Opinion
CASE NO. CV413-110
09-22-2014
ORDER
Before the Court is Defendants' Motion for Summary Judgment. (Doc. 43.) Plaintiff has filed a response in opposition (Doc. 49), to which Defendants have filed a reply (Doc. 53). For the reasons that follow, Defendants' Motion for Summary Judgment is DENIED.
BACKGROUND
Plaintiff provides interstate broadcast satellite programming services on a subscription basis to both residential and commercial customers. (Doc. 1 at 2.) On or about September 27, 2012, Plaintiff's agent discovered that Defendants were exhibiting Plaintiff's programming at their commercial establishment—The Islander—located at 221 Johnny Mercer Blvd., Savannah, Georgia. (Doc. 49 at 3.) Defendants' admit that their establishment was open to the public for business on the day in question. (Doc. 43 at 56.) The programming was being delivered to the establishment pursuant to an account established in 2002 by Defendants' former agent, Gale Woodard. (Doc. 49 at 3.)

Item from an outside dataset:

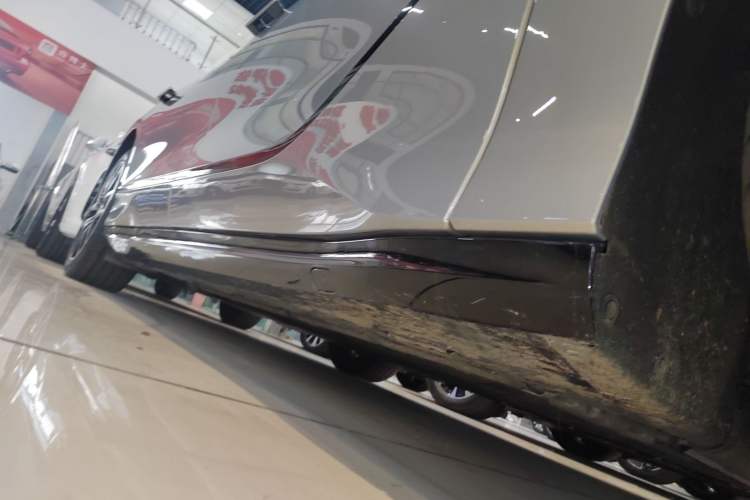 Used Denza Z9GT 2024 1100 4x4 Pro Version Right Side Sill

For the purposes of this motion for summary judgment, the Court construes the facts in the light most favorable to the nonmoving party. See Matsushita Elec. Indus. Co. v. Zenith Radio Corp., 475 U.S. 574, 577-78 (1986). Because the Court only addresses Defendants' motion, all facts are construed in the light most favorable to Plaintiff.

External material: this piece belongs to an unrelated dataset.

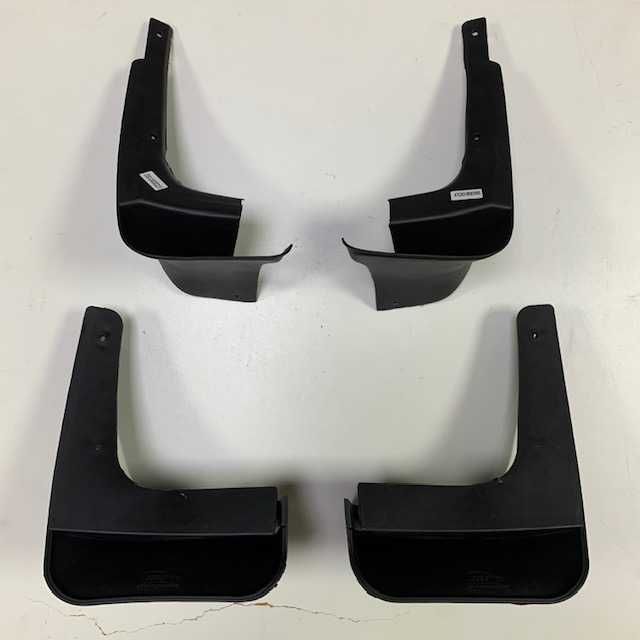 Брызговик на Toyota Corolla E-140, Е-150, E-180, E-185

While Defendants claim that Ms. Woodard opened a "commercial account" for the service, Plaintiff's account records indicate that the account was residential in nature. (Doc. 49, Attach. 1 ¶ 2.) Plaintiff's records and billing system also list the account as registered to Defendant Shirah individually at his home address. (Doc. 49 at 6.) Plaintiff's records further indicate that it shipped the equipment customers use to receive its programming to Defendant Shirah at this same address. (Doc. 49, Attach. 1 ¶ 8.) The actual installation of equipment was carried out by third-party retailer Circuit City, although no documentation has been presented as to where installation took place. (Doc. 49 at 4.)
On January 15, 2009, Circuit City Stores, Inc. announced its liquidation in bankruptcy, ceasing operations entirely on March 8, 2009. History of Circuit City, http://http://www.nydailynews.com/news/money/history-circuit-city-article-1.368853 (last visited Sep. 2, 2014).
Neither party has presented a signed written contract governing Defendants' account. Rather, Plaintiff states that its business practice is to send its subscribers "customer agreements" on a yearly basis that outline the terms of the parties' agreements. (Doc. 49 at 5.) By accepting Plaintiff's services, subscribers are deemed to accept the terms contained within these customer agreements. (Id.) The customer agreement governing Defendants' account describes it as residential and states that Defendants may not exhibit the programming "in areas open to the public or in commercial establishments." (Doc. 49, Ex. C ¶ 1(i).) Defendants dispute ever receiving the customer agreement. (Doc. 53 at 10.)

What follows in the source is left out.